TASK ITEM
Of the lines listed below, return exactly those that run from the line containing "Used Roewe D6 2025 450 km Premium Edition" through the line containing "Begusarai News : लाखों", both included.

Brief descriptive captions:
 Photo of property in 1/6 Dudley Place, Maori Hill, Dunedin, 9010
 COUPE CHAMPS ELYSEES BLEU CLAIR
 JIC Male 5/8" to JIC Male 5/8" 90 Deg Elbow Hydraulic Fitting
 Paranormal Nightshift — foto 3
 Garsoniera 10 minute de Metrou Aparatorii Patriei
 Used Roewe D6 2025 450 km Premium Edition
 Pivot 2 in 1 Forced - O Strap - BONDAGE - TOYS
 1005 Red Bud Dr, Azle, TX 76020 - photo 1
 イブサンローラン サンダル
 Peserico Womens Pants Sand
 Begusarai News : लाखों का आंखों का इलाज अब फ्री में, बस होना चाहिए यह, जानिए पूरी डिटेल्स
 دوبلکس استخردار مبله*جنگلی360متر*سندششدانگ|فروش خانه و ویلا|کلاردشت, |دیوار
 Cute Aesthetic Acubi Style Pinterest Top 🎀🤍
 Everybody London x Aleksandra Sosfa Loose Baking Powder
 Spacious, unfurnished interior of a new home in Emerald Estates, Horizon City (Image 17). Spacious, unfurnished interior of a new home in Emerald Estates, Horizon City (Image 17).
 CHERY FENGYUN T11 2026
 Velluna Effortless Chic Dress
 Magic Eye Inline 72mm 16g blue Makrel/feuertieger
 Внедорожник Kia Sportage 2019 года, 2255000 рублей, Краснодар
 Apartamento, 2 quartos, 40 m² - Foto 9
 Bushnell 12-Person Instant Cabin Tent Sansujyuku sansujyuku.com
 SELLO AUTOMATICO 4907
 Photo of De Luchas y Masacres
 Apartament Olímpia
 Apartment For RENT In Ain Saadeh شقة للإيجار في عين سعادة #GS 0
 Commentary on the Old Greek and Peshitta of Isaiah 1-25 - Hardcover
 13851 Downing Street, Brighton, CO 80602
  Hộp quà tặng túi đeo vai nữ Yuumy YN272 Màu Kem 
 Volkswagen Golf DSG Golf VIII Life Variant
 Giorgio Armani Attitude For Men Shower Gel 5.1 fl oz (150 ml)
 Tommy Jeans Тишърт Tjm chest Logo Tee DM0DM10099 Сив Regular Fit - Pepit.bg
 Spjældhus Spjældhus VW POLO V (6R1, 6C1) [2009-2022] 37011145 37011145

RESPONSE BOX
 Used Roewe D6 2025 450 km Premium Edition
 Pivot 2 in 1 Forced - O Strap - BONDAGE - TOYS
 1005 Red Bud Dr, Azle, TX 76020 - photo 1
 イブサンローラン サンダル
 Peserico Womens Pants Sand
 Begusarai News : लाखों का आंखों का इलाज अब फ्री में, बस होना चाहिए यह, जानिए पूरी डिटेल्स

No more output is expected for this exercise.